12. M. B soutient que l'examen de sa demande d'asile doit être pris en charge en France, au titre du droit souverain des autorités françaises d'accorder l'asile sur leur territoire, y compris lorsque cet examen relève de la compétence d'un autre Etat, eu égard à sa situation personnelle. Toutefois, à l'appui de son moyen, le requérant se borne à indiquer qu'il souhaite rester en France, pays qu'il apprécie et où il se sent en sécurité. De plus, s'il indique disposer d'attaches personnelles en France avec la présence de ses onze cousins en France, l'existence de ces liens, à les supposer intenses, ne sont pas de nature à justifier que les dispositions précitées de l'article 17 soient appliquées. En outre, si M. B fait état de mauvais traitements qu'il aurait subis dans son pays d'origine et auxquels il demeurerait exposé en cas de retour, la décision de transfert attaquée n'a ni pour objet ni pour effet d'éloigner le requérant vers ce pays mais seulement de prononcer son transfert aux autorités allemandes. Par suite, eu égard à la nature des circonstances invoquées par M. B, il ne ressort pas des pièces du dossier que le préfet de l'Essonne aurait commis une erreur manifeste d'appréciation des faits de l'espèce en ne faisant pas application de la clause discrétionnaire prévue par les dispositions précitées du paragraphe 1 de l'article 17 du règlement (UE) n° 604/2013 du 26 juin 2013. Il résulte également de ce qui vient d'être dit que le moyen tiré de la méconnaissance des stipulations de l'article 8 de la convention européenne de sauvegarde des droits de l'homme et des libertés fondamentales doit être écarté.

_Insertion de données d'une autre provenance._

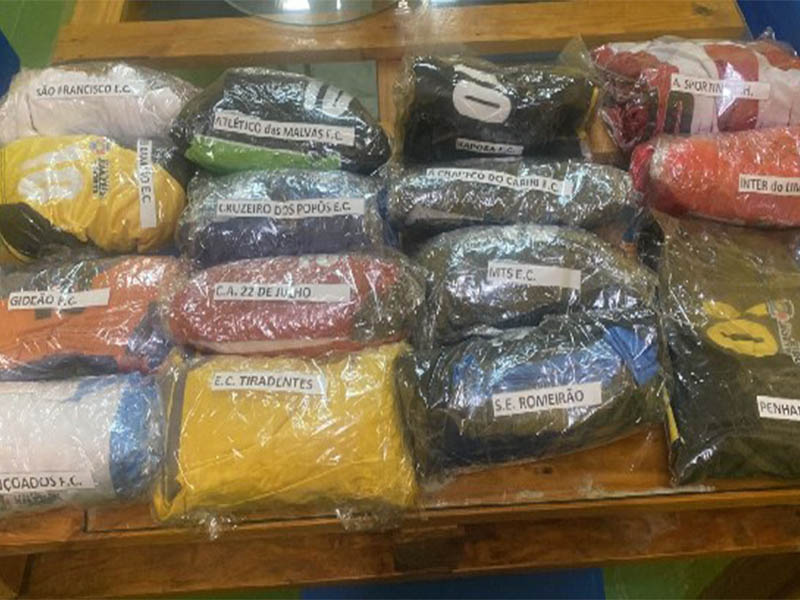 SEJUV realizará entrega de kits para equipes do esporte amador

13. Il résulte de tout ce qui précède que les conclusions présentées par M. B tendant à l'annulation de l'arrêté du préfet de l'Essonne du 20 janvier 2023 doivent être rejetées.

D E C I D E :

Article 1er : M. B n'est pas admis à l'aide juridictionnelle provisoire.

Article 2 : La requête de M. B est rejetée.

Article 3 : Le présent jugement sera notifié à M. A B au préfet de l'Essonne.

Rendu public par mise à disposition au greffe le 21 avril 2023.

La magistrate désignée,

Signé

S. CLa greffière,

Signé

A. Sambake

La République mande et ordonne au préfet de l'Essonne en ce qui le concerne ou à tous commissaires de justice à ce requis en ce qui concerne les voies de droit commun, contre les parties privées, de pourvoir à l'exécution de la présente décision.